Ninja Turtles
I loved the Teenage Mutant Ninja Turtles, but I never knew why. There was something about the pizza-loving that made them normal. There was something about their weapons that affirmed my masculinity. Despite all of this, I would often deny that I liked them at all. Since I was a kid in kindergarten, my goal has always been to defy stereotypes. To like a cartoon that talked about kung fu skills did not exactly help that. But now that the Ninja Turtle fan is trapped inside a college man's body and speech, I am beginning to make sense of it.
They were amphibians. In fact, their entire existence were amphibious. Instead of living in both land and in water, they struggled to find the balance to live between the sewers and the outside real world with humans. They spoke perfect English, like rock n' roll music, and even liked pepperoni music, but at the end of the day, they were still turtles. Adapting to various environments throughout their lives, they find acceptance. I am an amphibian. I go to Emory University, listen to Coldplay like everyone else, and I speak of "Chinese food" as if it isn't "normal food." At the end of the day, however, I am not you and you are not me. I do not celebrate Thanksgiving, and one of my family parties may be as different to you as the sewer was to April O' Niel.
White, redheaded, beautiful, and young reporter April O' Niel has an interesting friendship with the turtles. While being rescued by the turtles, the romance between a turtle and a beautiful human never seems to pan out. Instead, they are cordial and platonic, as April becomes the reporter that decreases the fear people have for the turtles over the media. Call me a sick and perverted bafoon, but something inside of me always wanted something to happen between Leonardo and April (Leonardo was my favorite turtle). I was always afraid to share this information since I was five because my parents didn't have money for psychiatry visits. But now, I understand that I have anthropomorphized Leonardo so that I could be him and April could be my Kelly Kapowski, my Kelly Taylor, my Marissa Cooper. As quickly as the television shut off, however, so did my false hopes. No matter how cool and radical Leonardo and Donatello were, they were no Zack Morris, Brandon Walsh or Luke Ward.

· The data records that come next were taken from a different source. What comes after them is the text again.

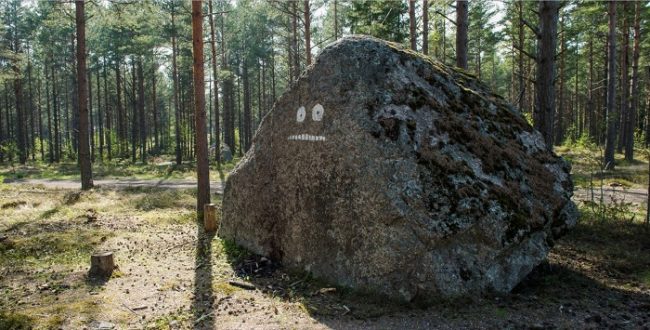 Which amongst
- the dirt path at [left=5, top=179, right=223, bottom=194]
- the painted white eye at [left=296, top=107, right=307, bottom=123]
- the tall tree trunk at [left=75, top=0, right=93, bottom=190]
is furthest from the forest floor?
the dirt path at [left=5, top=179, right=223, bottom=194]

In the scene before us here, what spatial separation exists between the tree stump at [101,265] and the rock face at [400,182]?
7.63 ft

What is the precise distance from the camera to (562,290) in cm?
610

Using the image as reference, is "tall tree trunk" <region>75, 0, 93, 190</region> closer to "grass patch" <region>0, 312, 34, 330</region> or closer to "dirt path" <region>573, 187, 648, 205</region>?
"grass patch" <region>0, 312, 34, 330</region>

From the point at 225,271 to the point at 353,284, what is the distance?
2.34 meters

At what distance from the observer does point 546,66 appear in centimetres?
962

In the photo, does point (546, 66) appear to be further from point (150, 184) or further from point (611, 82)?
point (150, 184)

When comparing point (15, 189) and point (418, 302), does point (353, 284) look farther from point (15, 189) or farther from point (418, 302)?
point (15, 189)

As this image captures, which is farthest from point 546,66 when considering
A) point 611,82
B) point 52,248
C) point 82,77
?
point 82,77

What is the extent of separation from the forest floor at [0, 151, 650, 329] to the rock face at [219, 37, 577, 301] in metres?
0.40

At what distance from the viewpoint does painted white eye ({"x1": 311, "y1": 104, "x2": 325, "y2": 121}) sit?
699 centimetres

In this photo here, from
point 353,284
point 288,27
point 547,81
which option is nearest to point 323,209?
point 353,284

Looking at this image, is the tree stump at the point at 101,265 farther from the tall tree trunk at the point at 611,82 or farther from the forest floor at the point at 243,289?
the tall tree trunk at the point at 611,82

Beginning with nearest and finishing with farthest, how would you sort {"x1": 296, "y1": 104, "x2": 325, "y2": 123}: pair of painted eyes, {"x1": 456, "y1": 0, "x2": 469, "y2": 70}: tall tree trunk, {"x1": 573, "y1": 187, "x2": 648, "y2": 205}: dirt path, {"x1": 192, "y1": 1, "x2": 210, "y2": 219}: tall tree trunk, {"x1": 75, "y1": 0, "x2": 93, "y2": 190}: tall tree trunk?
1. {"x1": 296, "y1": 104, "x2": 325, "y2": 123}: pair of painted eyes
2. {"x1": 192, "y1": 1, "x2": 210, "y2": 219}: tall tree trunk
3. {"x1": 456, "y1": 0, "x2": 469, "y2": 70}: tall tree trunk
4. {"x1": 573, "y1": 187, "x2": 648, "y2": 205}: dirt path
5. {"x1": 75, "y1": 0, "x2": 93, "y2": 190}: tall tree trunk

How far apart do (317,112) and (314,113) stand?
72mm
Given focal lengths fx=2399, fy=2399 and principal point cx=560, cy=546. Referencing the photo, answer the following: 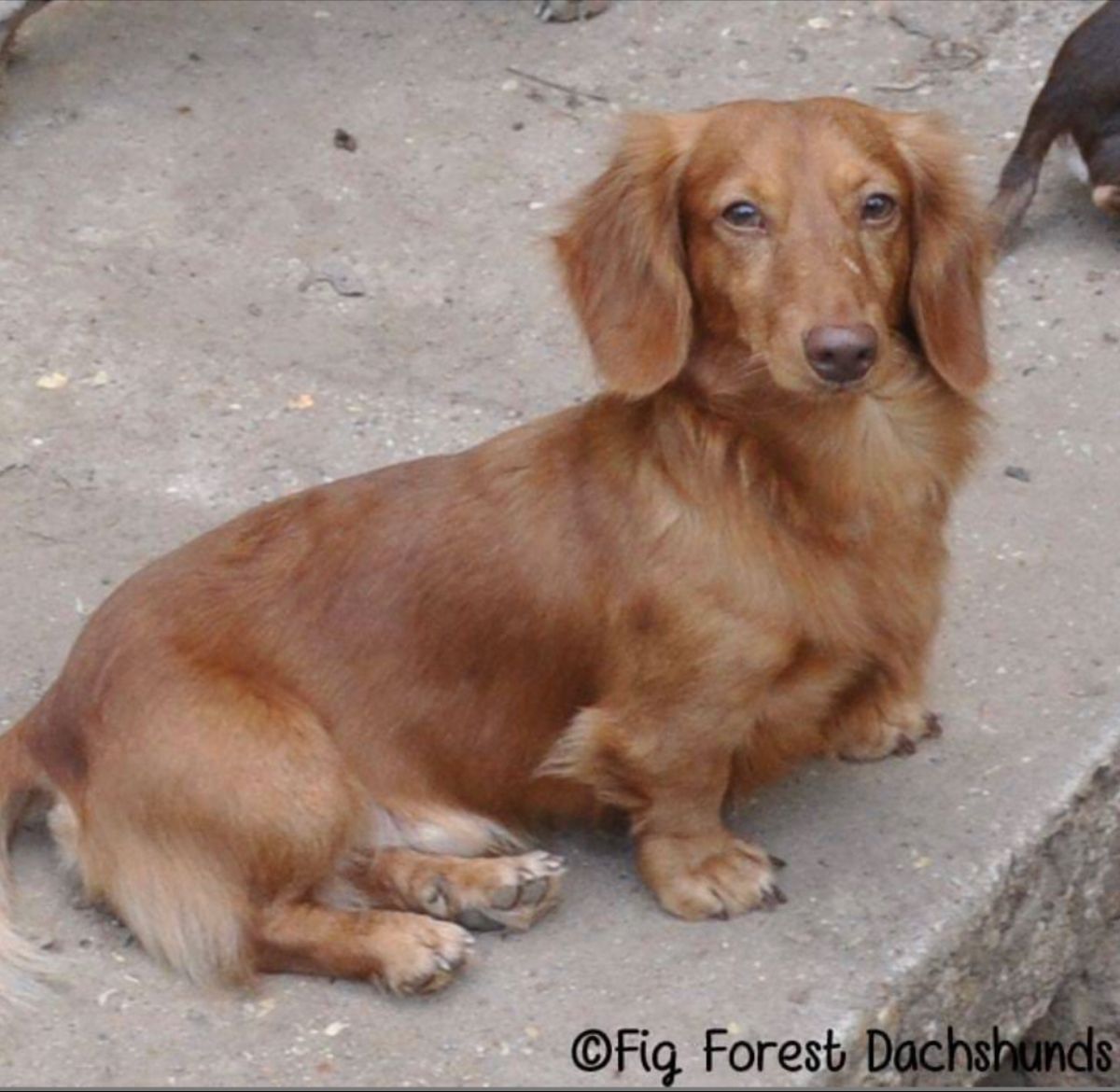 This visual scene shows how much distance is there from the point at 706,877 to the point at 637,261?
2.97 feet

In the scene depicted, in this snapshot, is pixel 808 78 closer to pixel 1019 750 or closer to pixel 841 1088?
pixel 1019 750

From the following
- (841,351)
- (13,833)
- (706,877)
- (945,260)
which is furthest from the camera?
(13,833)

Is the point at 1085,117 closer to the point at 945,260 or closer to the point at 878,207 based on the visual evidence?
the point at 945,260

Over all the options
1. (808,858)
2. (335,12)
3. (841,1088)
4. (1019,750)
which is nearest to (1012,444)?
(1019,750)

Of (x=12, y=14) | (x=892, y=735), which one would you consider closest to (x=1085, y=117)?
(x=892, y=735)

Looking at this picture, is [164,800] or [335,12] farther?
[335,12]

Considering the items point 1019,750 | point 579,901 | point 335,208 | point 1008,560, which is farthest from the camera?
point 335,208

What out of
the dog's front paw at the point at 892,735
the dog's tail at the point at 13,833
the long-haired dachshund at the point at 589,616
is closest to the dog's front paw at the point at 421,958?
the long-haired dachshund at the point at 589,616

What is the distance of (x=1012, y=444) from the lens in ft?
15.3

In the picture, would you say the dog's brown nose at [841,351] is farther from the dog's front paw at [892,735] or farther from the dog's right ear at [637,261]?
the dog's front paw at [892,735]

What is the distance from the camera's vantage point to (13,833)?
12.0 feet

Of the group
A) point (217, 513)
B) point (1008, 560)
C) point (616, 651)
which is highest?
point (616, 651)

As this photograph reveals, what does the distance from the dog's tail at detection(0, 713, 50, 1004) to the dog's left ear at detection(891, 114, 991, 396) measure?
146cm

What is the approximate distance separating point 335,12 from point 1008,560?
280 centimetres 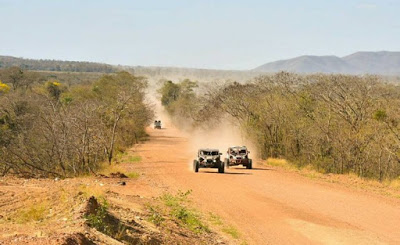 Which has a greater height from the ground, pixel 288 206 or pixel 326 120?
pixel 326 120

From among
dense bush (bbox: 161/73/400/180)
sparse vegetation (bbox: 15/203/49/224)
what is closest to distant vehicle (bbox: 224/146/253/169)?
dense bush (bbox: 161/73/400/180)

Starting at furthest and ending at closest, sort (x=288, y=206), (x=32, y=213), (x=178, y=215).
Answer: (x=288, y=206), (x=178, y=215), (x=32, y=213)

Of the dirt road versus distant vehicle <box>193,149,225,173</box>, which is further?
distant vehicle <box>193,149,225,173</box>

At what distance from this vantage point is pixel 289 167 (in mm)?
39312

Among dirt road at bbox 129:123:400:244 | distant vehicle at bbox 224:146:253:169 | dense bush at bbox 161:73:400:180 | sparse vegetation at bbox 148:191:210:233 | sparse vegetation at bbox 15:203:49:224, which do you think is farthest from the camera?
distant vehicle at bbox 224:146:253:169

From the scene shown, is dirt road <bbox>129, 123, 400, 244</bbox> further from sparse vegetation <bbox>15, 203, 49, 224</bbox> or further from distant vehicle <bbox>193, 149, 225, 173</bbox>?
sparse vegetation <bbox>15, 203, 49, 224</bbox>

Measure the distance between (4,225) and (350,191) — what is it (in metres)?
20.2

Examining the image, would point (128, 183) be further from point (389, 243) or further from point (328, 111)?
point (328, 111)

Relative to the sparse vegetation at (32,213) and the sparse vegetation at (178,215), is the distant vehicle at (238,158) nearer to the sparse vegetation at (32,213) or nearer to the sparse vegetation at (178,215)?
the sparse vegetation at (178,215)

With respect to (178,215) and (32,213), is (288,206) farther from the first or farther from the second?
(32,213)

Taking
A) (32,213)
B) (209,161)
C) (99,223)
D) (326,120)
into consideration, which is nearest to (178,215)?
(99,223)

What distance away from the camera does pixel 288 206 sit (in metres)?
22.6

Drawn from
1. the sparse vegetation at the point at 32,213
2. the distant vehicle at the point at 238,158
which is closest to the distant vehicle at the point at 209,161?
the distant vehicle at the point at 238,158

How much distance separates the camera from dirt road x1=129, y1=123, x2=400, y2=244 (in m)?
17.3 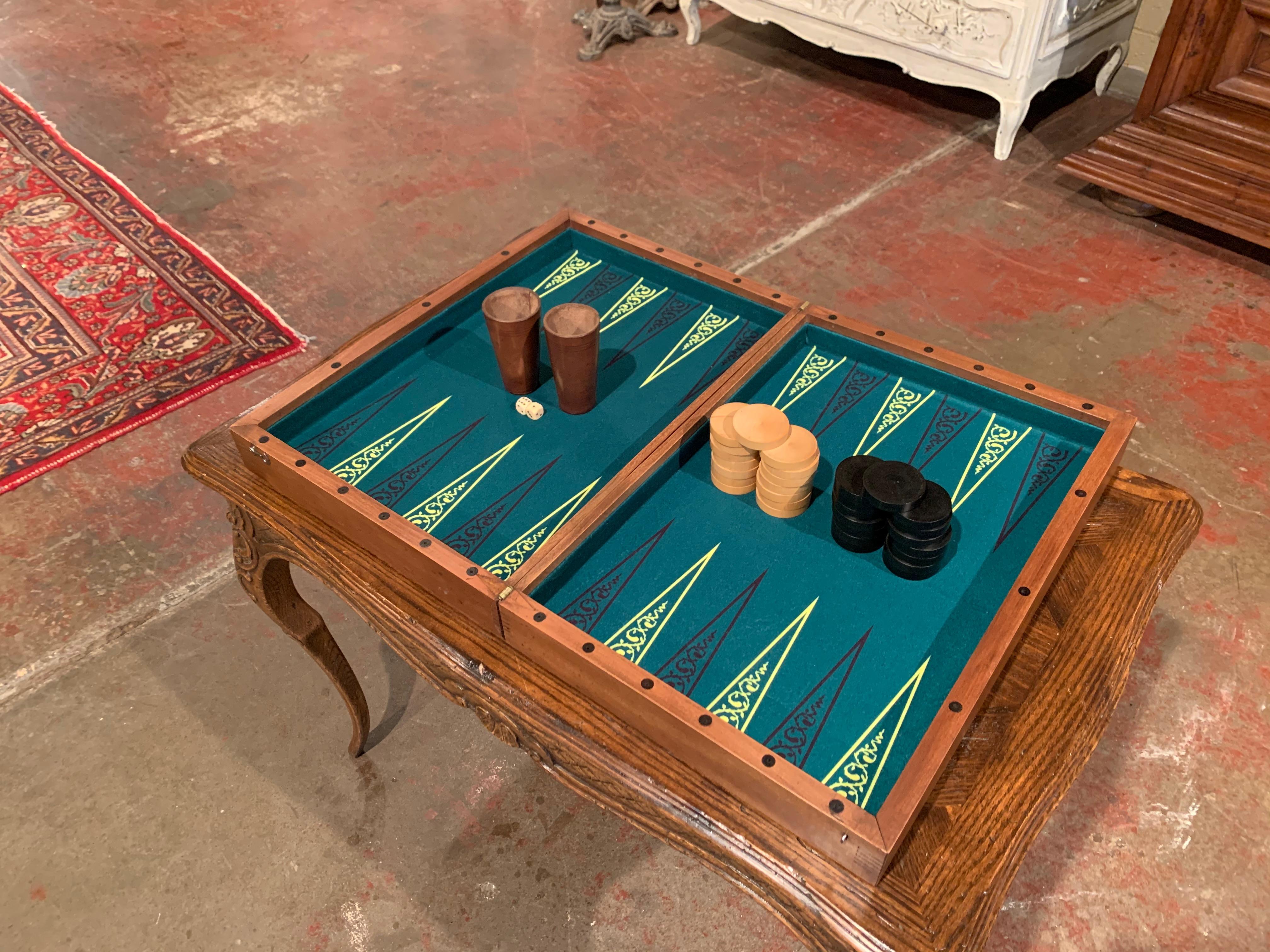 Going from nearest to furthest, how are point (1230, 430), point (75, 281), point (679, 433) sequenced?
point (679, 433) < point (1230, 430) < point (75, 281)

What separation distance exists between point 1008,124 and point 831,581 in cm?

They were green. I distinctly remember a time when I was seven and my sister duped me into believing that somewhere in the islands off of the coast of Africa was a bunch of people whose skin color was blue. (I wound up convincing 24 students in my 2nd grade class that there were blue people out there). But green? That was just preposterous. In the world of television, I never saw anything outside of black and white. I am not saying my skin tone is green, but what I am saying is that my skin isn't black or white either. And for that one similarity, I celebrated. In the same way that the black community celebrated with Jesse Owens and Halle Berry, or the Hispanic community celebrated with Roberto Clemente and Ricky Martin, well maybe not Ricky Martin, I celebrated for the only people, I mean things I could celebrate with: green turtles. They were my heroes. They were me.
I am the teenage mutant ninja turtles. I am stuck beneath the floor in the dreary sewers where I play the same music, play the same games, sing the same songs, dance the same dances, like the same girls, and breathe the same air. This is the odd purgatory that I live, but isn't quite that serious. Other people look up to JFK, Reagan, Michael Jordan, and Lance Armstrong. I look up to a cartoon. Sad. The only thing I don't have is their martial arts abilities. But isn't that the only thing that makes them more than human, and more importantly, more than not human. So without that, what am I? Who am I?
This is why my parents told me not to watch TV. "It seriously will fuck you up," he used to say to me. It took me 12 years, but I believe him now.